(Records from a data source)
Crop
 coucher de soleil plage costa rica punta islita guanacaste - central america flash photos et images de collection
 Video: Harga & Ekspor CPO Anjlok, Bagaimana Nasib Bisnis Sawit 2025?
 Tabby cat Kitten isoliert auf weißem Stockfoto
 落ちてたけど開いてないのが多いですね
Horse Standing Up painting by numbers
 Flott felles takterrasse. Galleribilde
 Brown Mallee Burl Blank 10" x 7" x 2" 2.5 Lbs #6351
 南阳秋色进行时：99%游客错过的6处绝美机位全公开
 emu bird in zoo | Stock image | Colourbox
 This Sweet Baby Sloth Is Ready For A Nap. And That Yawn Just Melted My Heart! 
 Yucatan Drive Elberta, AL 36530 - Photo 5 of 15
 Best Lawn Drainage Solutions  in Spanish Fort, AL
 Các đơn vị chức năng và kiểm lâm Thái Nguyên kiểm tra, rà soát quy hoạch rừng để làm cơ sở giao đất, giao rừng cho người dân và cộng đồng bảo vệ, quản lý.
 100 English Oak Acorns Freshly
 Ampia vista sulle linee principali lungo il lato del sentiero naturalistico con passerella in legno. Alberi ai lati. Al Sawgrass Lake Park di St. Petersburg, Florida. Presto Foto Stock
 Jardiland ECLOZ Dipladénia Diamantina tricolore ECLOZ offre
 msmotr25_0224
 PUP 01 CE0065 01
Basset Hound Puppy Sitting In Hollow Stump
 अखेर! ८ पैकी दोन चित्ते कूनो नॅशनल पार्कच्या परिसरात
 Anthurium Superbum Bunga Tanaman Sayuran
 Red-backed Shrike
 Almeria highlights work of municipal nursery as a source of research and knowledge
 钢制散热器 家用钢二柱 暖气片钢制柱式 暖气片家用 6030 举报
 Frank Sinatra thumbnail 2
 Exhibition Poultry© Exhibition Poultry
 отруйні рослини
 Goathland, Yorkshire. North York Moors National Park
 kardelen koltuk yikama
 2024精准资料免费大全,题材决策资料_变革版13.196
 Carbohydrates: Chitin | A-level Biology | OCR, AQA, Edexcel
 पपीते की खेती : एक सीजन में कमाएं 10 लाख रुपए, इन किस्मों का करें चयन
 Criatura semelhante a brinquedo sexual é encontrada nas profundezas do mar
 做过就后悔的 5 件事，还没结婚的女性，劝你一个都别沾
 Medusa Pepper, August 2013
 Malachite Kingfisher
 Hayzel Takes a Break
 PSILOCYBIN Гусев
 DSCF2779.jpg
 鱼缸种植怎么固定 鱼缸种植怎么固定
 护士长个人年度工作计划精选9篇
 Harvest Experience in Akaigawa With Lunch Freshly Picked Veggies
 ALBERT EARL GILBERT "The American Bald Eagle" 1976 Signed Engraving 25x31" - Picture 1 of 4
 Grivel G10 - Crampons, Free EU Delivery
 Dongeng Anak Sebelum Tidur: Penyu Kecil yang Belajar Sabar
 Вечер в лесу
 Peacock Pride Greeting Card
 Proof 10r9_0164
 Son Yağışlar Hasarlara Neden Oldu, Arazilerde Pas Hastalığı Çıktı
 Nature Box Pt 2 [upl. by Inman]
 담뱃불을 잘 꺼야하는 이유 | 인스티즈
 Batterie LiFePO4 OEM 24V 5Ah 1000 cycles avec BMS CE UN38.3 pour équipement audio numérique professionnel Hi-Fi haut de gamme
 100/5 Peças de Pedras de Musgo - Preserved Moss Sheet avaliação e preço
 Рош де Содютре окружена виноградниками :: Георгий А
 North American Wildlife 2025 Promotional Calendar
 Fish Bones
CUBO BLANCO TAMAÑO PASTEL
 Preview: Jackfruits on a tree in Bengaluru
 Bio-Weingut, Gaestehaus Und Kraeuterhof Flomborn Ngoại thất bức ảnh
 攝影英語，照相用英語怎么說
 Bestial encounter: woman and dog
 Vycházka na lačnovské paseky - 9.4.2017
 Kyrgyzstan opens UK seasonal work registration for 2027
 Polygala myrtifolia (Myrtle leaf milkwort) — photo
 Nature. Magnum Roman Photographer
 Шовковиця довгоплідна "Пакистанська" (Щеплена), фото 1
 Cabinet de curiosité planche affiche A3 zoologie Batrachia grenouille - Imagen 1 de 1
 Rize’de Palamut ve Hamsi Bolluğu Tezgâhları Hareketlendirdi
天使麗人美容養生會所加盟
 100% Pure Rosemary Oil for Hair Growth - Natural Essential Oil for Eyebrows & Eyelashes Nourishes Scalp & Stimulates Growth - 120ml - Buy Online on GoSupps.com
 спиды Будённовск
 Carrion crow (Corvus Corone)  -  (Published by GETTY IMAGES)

*YOUR OBJECTIVE*: In the data above, start at the line that has "DSCF2779.jpg", stop after the line that has "Proof 10r9_0164", and print every line in between exactly as it stands.

*SOLUTION TO THIS PROBLEM*:
 DSCF2779.jpg
 鱼缸种植怎么固定 鱼缸种植怎么固定
 护士长个人年度工作计划精选9篇
 Harvest Experience in Akaigawa With Lunch Freshly Picked Veggies
 ALBERT EARL GILBERT "The American Bald Eagle" 1976 Signed Engraving 25x31" - Picture 1 of 4
 Grivel G10 - Crampons, Free EU Delivery
 Dongeng Anak Sebelum Tidur: Penyu Kecil yang Belajar Sabar
 Вечер в лесу
 Peacock Pride Greeting Card
 Proof 10r9_0164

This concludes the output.